:: MATERIAL FOR THE TASK ::

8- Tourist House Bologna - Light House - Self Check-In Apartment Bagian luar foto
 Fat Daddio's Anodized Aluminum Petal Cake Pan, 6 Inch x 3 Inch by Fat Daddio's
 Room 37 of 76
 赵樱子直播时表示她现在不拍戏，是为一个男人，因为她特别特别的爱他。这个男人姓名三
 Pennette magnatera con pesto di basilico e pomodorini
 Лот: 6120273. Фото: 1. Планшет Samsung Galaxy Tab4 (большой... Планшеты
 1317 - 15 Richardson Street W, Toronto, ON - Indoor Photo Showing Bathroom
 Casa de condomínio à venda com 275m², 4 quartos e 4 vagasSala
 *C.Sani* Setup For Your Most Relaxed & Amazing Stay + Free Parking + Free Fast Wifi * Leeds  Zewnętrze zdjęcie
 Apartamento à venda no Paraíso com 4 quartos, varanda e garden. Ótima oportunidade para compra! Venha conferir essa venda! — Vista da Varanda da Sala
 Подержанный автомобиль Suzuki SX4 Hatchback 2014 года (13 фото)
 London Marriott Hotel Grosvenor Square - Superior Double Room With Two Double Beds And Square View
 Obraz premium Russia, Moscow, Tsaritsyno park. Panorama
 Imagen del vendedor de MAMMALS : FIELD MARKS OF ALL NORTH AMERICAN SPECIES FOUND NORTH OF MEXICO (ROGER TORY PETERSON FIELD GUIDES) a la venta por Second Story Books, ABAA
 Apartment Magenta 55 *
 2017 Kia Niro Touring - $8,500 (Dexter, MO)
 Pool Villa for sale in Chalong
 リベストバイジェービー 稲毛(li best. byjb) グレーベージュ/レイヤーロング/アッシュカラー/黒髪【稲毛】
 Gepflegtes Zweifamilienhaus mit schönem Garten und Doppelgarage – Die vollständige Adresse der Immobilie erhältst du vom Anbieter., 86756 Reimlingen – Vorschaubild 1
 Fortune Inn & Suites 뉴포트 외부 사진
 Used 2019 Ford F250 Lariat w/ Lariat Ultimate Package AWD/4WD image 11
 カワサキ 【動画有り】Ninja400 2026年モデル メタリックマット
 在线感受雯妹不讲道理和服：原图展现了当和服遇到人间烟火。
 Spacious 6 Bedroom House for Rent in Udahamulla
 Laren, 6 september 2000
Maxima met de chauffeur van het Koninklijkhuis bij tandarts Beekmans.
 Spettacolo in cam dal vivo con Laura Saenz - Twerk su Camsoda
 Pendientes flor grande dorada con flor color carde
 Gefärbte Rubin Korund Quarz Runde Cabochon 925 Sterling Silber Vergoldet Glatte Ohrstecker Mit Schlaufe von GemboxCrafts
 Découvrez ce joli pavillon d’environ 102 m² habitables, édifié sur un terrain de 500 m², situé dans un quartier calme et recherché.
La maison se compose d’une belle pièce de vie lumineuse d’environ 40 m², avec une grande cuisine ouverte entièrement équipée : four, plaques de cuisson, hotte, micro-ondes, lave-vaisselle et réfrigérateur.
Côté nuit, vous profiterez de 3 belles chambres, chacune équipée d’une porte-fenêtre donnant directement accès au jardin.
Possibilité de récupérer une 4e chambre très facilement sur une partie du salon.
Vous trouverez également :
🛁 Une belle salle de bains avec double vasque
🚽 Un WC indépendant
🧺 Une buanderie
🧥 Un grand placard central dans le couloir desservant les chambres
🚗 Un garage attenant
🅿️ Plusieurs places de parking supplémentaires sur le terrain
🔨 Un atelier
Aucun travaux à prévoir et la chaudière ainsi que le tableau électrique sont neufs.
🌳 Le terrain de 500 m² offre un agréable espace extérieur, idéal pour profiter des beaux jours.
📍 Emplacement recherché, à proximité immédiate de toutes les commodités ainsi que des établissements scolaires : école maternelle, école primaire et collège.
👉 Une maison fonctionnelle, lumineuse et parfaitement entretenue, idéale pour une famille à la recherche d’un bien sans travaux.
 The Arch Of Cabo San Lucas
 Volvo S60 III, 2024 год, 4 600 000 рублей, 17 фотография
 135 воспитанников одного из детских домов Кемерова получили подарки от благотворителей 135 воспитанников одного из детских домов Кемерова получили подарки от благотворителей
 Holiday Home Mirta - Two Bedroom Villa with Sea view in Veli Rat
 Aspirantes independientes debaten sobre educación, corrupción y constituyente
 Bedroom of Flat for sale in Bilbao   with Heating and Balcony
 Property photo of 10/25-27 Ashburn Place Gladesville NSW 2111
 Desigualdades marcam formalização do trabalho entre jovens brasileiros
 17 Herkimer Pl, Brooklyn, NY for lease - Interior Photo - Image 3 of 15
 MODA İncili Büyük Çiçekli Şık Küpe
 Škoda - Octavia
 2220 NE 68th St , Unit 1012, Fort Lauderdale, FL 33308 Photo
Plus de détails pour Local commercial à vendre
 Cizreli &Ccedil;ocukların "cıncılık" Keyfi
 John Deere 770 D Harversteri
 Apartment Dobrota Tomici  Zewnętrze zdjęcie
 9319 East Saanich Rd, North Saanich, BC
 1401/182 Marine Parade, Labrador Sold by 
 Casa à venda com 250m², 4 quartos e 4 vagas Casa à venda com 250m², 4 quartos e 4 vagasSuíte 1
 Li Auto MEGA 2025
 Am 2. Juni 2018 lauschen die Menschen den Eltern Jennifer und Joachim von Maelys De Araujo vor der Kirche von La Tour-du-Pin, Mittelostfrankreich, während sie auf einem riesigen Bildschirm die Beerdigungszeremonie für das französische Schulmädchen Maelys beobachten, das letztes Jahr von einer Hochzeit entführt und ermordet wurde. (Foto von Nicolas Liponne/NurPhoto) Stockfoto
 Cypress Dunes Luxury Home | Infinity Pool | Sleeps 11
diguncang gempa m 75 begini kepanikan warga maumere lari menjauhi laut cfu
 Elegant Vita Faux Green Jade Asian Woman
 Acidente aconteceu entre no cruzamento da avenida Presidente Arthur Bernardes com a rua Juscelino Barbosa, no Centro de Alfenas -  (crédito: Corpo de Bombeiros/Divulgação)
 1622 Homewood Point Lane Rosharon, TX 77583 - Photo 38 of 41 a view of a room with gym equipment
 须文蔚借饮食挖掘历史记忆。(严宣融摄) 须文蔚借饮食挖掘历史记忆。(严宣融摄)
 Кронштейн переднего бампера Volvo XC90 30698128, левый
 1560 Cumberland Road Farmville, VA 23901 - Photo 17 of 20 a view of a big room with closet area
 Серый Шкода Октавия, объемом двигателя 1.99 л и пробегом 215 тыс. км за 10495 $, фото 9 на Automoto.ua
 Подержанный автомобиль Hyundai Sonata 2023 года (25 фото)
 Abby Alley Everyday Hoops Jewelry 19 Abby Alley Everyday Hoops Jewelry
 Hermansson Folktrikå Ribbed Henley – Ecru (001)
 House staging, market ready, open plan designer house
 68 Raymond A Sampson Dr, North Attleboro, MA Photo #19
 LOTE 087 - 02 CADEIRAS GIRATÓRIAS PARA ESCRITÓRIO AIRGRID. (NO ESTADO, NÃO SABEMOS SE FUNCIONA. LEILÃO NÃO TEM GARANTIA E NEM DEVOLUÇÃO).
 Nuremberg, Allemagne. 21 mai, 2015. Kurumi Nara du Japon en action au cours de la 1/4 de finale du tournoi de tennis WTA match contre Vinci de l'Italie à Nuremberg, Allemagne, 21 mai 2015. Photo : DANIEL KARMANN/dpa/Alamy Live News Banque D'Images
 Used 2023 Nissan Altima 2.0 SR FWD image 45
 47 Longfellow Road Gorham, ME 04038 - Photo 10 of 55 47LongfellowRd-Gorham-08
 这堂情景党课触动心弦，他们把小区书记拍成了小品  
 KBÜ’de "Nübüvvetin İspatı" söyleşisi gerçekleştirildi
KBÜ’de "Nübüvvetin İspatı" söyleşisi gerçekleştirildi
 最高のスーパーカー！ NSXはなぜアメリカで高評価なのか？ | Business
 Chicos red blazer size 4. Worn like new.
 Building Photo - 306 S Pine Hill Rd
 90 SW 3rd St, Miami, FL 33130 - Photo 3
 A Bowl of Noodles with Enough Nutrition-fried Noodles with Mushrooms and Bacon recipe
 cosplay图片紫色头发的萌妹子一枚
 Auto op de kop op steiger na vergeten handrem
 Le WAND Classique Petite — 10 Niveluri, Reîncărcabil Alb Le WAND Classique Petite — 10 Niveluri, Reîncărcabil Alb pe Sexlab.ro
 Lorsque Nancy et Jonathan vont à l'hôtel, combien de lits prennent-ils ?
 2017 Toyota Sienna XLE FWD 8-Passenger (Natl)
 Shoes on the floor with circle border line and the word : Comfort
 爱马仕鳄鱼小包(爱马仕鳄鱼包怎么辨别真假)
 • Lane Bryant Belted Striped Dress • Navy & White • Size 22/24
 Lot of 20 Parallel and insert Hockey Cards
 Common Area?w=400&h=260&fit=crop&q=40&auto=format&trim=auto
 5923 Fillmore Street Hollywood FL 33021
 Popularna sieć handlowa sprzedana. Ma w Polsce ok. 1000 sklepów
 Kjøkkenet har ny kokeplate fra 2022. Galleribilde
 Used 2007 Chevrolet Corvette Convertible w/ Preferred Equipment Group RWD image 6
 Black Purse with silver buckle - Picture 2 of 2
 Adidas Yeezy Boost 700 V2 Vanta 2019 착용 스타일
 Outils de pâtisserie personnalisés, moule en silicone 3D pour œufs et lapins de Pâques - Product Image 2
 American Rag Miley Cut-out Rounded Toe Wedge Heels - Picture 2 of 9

:::

• THE PROBLEM:
All that is wanted is the run of lines from the start of the data through the line containing "Découvrez ce joli", copied word for word.

• SOLUTION TO THIS EXERCISE:
8- Tourist House Bologna - Light House - Self Check-In Apartment Bagian luar foto
 Fat Daddio's Anodized Aluminum Petal Cake Pan, 6 Inch x 3 Inch by Fat Daddio's
 Room 37 of 76
 赵樱子直播时表示她现在不拍戏，是为一个男人，因为她特别特别的爱他。这个男人姓名三
 Pennette magnatera con pesto di basilico e pomodorini
 Лот: 6120273. Фото: 1. Планшет Samsung Galaxy Tab4 (большой... Планшеты
 1317 - 15 Richardson Street W, Toronto, ON - Indoor Photo Showing Bathroom
 Casa de condomínio à venda com 275m², 4 quartos e 4 vagasSala
 *C.Sani* Setup For Your Most Relaxed & Amazing Stay + Free Parking + Free Fast Wifi * Leeds  Zewnętrze zdjęcie
 Apartamento à venda no Paraíso com 4 quartos, varanda e garden. Ótima oportunidade para compra! Venha conferir essa venda! — Vista da Varanda da Sala
 Подержанный автомобиль Suzuki SX4 Hatchback 2014 года (13 фото)
 London Marriott Hotel Grosvenor Square - Superior Double Room With Two Double Beds And Square View
 Obraz premium Russia, Moscow, Tsaritsyno park. Panorama
 Imagen del vendedor de MAMMALS : FIELD MARKS OF ALL NORTH AMERICAN SPECIES FOUND NORTH OF MEXICO (ROGER TORY PETERSON FIELD GUIDES) a la venta por Second Story Books, ABAA
 Apartment Magenta 55 *
 2017 Kia Niro Touring - $8,500 (Dexter, MO)
 Pool Villa for sale in Chalong
 リベストバイジェービー 稲毛(li best. byjb) グレーベージュ/レイヤーロング/アッシュカラー/黒髪【稲毛】
 Gepflegtes Zweifamilienhaus mit schönem Garten und Doppelgarage – Die vollständige Adresse der Immobilie erhältst du vom Anbieter., 86756 Reimlingen – Vorschaubild 1
 Fortune Inn & Suites 뉴포트 외부 사진
 Used 2019 Ford F250 Lariat w/ Lariat Ultimate Package AWD/4WD image 11
 カワサキ 【動画有り】Ninja400 2026年モデル メタリックマット
 在线感受雯妹不讲道理和服：原图展现了当和服遇到人间烟火。
 Spacious 6 Bedroom House for Rent in Udahamulla
 Laren, 6 september 2000
Maxima met de chauffeur van het Koninklijkhuis bij tandarts Beekmans.
 Spettacolo in cam dal vivo con Laura Saenz - Twerk su Camsoda
 Pendientes flor grande dorada con flor color carde
 Gefärbte Rubin Korund Quarz Runde Cabochon 925 Sterling Silber Vergoldet Glatte Ohrstecker Mit Schlaufe von GemboxCrafts
 Découvrez ce joli pavillon d’environ 102 m² habitables, édifié sur un terrain de 500 m², situé dans un quartier calme et recherché.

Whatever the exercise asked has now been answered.